Top of Data extract

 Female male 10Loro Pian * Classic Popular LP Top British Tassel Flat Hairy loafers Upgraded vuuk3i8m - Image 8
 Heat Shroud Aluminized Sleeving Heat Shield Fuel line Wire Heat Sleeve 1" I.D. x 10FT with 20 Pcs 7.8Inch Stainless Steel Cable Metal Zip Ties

Bottom of Data extract
Top of Data extract

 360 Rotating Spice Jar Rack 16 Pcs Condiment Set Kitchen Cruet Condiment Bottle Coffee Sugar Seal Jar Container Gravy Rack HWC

Bottom of Data extract
Top of Data extract

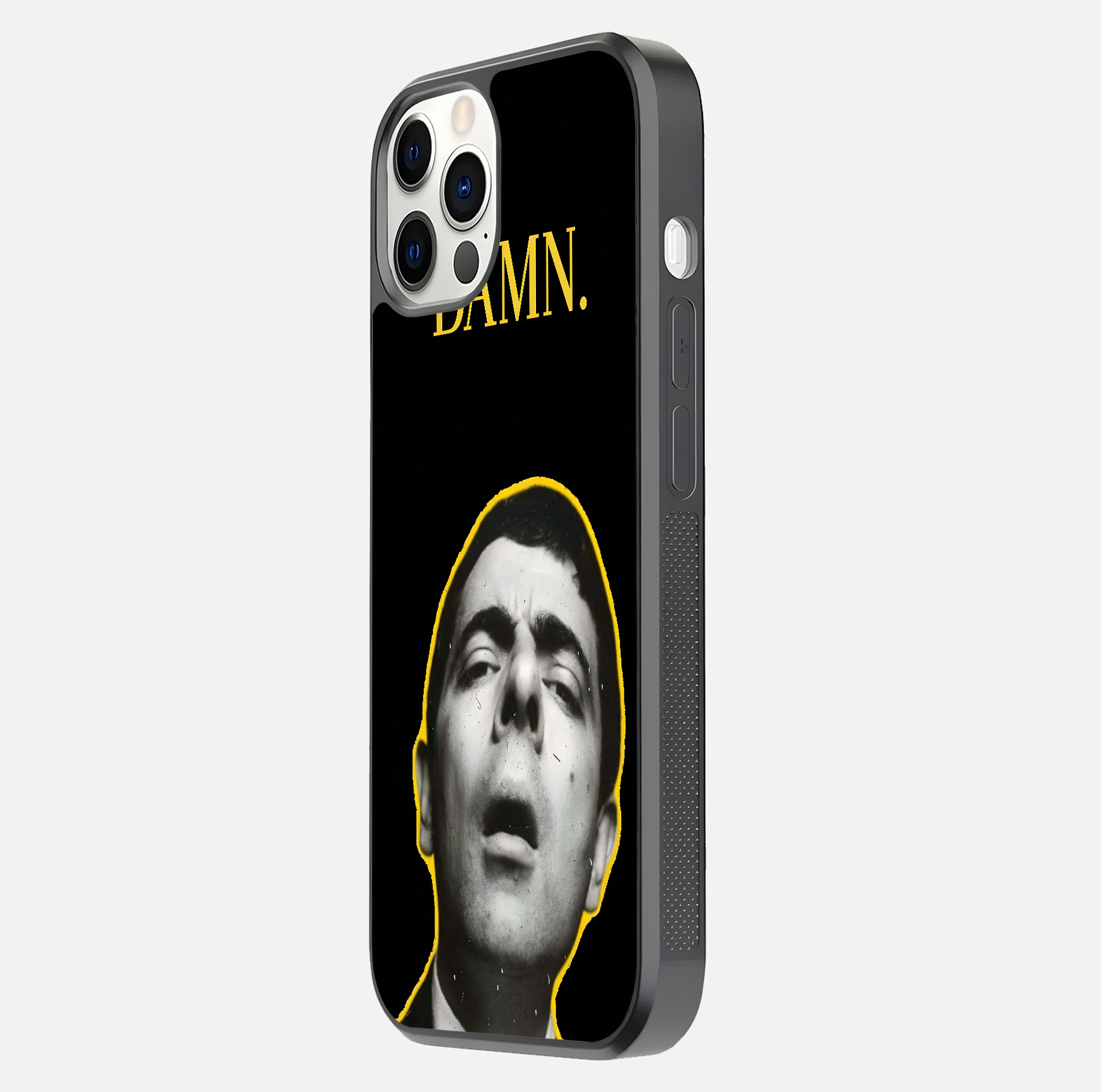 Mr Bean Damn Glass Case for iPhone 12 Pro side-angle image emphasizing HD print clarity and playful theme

Bottom of Data extract

#### Task details:
Copy word for word the stretch of entries above from the line that has "Female male 10Loro" through the line that has "Heat Shroud Aluminized", both ends included, and nothing outside it.

#### Worked solution:
 Female male 10Loro Pian * Classic Popular LP Top British Tassel Flat Hairy loafers Upgraded vuuk3i8m - Image 8
 Heat Shroud Aluminized Sleeving Heat Shield Fuel line Wire Heat Sleeve 1" I.D. x 10FT with 20 Pcs 7.8Inch Stainless Steel Cable Metal Zip Ties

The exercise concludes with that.